School Accountability and Summer Learning Loss


In recent years, researchers have developed statistical methods for using a new source of evidence—standardized test score data—to estimate school effectiveness, despite significant challenges to valid causal inference (for an overview of challenges, see McCaffrey, 2003; Reardon & Raudenbush, 2009). So called “value-added” models typically use district administrative data on students, teachers, and schools in statistical models that seek to isolate the school’s impact on test score performance from the many other factors that influence student test scores but are outside of the school’s control.

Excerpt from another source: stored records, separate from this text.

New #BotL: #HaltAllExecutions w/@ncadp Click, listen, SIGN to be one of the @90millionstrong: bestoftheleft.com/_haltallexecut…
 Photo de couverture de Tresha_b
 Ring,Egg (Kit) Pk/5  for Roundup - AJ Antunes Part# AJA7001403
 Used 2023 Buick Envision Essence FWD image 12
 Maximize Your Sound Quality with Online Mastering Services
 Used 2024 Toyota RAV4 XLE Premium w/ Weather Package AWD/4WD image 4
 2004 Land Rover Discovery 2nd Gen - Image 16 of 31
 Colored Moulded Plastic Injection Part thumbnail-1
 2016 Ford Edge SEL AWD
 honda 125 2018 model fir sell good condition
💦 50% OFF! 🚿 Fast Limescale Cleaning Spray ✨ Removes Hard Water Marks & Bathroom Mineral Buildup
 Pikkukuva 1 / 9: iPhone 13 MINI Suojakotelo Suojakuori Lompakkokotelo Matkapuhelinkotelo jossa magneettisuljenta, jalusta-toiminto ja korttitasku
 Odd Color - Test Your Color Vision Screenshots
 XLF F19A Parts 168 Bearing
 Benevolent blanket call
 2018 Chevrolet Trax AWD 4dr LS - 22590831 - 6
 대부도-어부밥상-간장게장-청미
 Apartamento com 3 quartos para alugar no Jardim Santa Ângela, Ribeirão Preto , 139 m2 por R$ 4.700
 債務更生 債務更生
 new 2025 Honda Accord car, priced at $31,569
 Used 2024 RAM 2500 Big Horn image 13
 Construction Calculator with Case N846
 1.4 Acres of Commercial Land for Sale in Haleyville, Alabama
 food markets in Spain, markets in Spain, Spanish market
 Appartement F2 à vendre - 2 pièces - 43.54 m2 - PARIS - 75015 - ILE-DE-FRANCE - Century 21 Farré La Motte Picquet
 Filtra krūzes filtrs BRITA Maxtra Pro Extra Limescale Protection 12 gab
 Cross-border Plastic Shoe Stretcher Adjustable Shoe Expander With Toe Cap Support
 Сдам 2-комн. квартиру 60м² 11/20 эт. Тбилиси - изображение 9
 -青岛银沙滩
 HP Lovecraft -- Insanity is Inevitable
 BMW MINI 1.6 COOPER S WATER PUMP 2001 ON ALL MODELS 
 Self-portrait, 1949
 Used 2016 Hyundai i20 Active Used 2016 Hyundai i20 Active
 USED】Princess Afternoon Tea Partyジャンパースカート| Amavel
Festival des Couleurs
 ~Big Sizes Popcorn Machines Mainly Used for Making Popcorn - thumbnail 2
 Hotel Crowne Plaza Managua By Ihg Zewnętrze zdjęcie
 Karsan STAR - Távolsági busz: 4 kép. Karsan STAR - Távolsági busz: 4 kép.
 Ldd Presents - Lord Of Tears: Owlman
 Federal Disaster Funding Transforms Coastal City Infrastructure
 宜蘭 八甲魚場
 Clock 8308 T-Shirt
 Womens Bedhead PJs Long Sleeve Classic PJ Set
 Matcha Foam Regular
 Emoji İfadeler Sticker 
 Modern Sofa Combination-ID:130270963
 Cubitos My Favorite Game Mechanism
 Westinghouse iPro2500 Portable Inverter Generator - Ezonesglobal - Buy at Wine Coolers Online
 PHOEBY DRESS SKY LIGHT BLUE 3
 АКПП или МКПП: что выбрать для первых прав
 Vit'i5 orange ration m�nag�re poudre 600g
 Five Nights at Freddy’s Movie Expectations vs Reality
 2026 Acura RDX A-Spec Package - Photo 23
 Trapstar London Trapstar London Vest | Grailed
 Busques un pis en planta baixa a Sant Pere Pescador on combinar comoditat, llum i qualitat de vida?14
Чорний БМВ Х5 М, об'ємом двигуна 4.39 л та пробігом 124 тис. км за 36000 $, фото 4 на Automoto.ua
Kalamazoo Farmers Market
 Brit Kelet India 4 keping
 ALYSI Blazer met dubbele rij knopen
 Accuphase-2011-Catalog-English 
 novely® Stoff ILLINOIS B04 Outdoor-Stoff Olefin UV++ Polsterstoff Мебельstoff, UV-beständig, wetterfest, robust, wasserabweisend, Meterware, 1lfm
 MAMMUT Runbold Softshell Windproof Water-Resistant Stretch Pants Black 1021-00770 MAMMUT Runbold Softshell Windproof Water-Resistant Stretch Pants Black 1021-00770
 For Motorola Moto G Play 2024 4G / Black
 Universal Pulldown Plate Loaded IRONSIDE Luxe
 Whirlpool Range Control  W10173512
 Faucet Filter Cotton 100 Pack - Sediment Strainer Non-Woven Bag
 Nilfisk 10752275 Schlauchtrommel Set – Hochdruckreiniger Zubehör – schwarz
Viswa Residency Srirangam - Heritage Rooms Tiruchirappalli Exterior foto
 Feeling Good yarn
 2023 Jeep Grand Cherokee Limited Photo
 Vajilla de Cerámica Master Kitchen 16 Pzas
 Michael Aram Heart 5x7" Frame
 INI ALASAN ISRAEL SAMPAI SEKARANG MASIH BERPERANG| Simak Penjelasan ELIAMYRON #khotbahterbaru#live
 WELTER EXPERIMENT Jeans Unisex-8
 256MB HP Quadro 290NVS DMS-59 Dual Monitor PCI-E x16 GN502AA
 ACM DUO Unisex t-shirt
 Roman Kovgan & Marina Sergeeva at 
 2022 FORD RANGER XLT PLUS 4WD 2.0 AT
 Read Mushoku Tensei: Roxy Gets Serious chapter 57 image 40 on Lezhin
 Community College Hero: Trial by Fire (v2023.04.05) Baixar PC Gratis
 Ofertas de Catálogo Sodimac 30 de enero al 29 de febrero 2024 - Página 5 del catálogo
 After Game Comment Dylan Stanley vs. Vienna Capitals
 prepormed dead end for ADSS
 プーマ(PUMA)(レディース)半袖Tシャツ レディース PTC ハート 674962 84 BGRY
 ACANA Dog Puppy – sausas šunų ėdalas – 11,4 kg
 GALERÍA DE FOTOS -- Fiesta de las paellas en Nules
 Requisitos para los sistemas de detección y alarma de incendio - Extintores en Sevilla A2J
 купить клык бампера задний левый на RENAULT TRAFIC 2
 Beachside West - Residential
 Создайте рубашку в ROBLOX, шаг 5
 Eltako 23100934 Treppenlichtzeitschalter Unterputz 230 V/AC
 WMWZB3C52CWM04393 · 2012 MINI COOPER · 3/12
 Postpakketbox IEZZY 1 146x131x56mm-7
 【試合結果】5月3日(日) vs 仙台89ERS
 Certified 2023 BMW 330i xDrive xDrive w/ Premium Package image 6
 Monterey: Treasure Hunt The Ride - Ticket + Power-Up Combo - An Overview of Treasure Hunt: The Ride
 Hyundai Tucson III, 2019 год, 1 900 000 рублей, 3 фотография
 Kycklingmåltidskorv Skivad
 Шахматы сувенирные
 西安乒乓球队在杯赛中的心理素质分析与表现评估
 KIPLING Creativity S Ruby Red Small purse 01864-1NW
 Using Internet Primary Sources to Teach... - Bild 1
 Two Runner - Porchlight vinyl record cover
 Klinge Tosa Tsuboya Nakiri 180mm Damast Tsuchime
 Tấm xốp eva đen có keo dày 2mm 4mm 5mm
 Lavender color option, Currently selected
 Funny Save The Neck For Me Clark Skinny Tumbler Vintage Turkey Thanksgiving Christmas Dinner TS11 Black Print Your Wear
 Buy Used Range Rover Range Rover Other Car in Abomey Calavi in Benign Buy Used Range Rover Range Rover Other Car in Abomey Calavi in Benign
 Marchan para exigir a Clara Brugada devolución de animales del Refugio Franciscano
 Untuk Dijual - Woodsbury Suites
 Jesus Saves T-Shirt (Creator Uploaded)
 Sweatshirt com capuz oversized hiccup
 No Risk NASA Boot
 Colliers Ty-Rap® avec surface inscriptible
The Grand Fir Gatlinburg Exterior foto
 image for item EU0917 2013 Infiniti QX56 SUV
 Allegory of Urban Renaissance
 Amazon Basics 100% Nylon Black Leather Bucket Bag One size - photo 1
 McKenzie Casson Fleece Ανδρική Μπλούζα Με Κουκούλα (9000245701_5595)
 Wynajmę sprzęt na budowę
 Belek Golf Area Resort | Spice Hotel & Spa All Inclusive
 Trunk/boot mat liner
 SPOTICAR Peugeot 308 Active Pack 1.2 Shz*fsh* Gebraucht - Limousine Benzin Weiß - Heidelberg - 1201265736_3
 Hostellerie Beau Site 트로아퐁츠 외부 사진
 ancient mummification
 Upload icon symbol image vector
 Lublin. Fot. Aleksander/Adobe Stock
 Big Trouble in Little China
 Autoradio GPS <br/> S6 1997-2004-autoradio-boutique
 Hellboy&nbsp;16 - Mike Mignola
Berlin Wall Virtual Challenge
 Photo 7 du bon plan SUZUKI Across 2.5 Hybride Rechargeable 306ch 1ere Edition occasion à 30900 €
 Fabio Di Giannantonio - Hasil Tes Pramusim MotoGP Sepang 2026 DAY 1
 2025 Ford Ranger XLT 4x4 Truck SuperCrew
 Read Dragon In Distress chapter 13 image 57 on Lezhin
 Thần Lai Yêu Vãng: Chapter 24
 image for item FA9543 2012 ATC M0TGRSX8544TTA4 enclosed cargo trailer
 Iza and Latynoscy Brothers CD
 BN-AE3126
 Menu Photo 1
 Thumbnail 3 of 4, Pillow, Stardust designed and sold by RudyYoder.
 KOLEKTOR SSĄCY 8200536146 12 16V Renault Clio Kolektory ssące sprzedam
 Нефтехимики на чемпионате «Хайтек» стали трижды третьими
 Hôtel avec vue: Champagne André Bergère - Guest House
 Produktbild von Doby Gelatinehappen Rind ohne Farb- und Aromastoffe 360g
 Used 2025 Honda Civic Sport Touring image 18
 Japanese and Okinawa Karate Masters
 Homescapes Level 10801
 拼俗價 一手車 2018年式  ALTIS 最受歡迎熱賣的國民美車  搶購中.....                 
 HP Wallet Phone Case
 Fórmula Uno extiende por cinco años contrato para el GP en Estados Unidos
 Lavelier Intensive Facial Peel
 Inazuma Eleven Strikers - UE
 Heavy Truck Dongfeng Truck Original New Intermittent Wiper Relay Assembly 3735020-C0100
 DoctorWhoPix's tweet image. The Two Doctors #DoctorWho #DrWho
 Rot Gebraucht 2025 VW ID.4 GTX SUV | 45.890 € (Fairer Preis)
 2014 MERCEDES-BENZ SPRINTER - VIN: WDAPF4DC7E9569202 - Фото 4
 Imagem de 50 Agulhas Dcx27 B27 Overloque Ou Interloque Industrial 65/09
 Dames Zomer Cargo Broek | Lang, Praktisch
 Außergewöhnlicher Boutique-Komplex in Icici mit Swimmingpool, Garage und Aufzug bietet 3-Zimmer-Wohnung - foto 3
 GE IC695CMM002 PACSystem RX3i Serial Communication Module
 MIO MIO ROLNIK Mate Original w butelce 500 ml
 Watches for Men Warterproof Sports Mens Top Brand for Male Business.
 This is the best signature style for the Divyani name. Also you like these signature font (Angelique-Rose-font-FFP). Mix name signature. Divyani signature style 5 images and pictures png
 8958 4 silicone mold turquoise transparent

In practice, however, the estimation of a school’s value-added is far from straightforward. Much has been written about statistical challenges to isolating a school’s causal impact on student test scores, however one obvious problem with typical value-added models has received less attention—the impact of students’ “summer learning loss”. Almost all value-added models estimate the effects of schools using spring-to-spring outcome data, simply given that statewide annual testing occurs on this timeline. As a result, the school is attributed both with learning gains made by students during the school year as well as the prior summer. In essence, schools are in part evaluated for what happens to students prior to their first day in their class, which runs counter to the fundamental goals of an accountability system.

This project investigates the extent to which spring-to-spring testing timelines bias school value-added as a result of conflating summer and school-year learning. Using a unique dataset that contains both fall and spring standardized test scores, we can examine the patterns in school-year versus summer learning. We estimate value-added based on traditional spring-to-spring data, as well as competing models that predict fall-to-spring test score gains. We then examine whether schools are ranked differently using these two testing timelines and whether certain kinds of schools are especially affected by the test timing. The project discusses whether this problem is of sufficient magnitude to caution against using value-added measures based solely on spring-to-spring test score data. Since states currently do not require both fall and spring testing, the implications for the federal accountability planning are significant.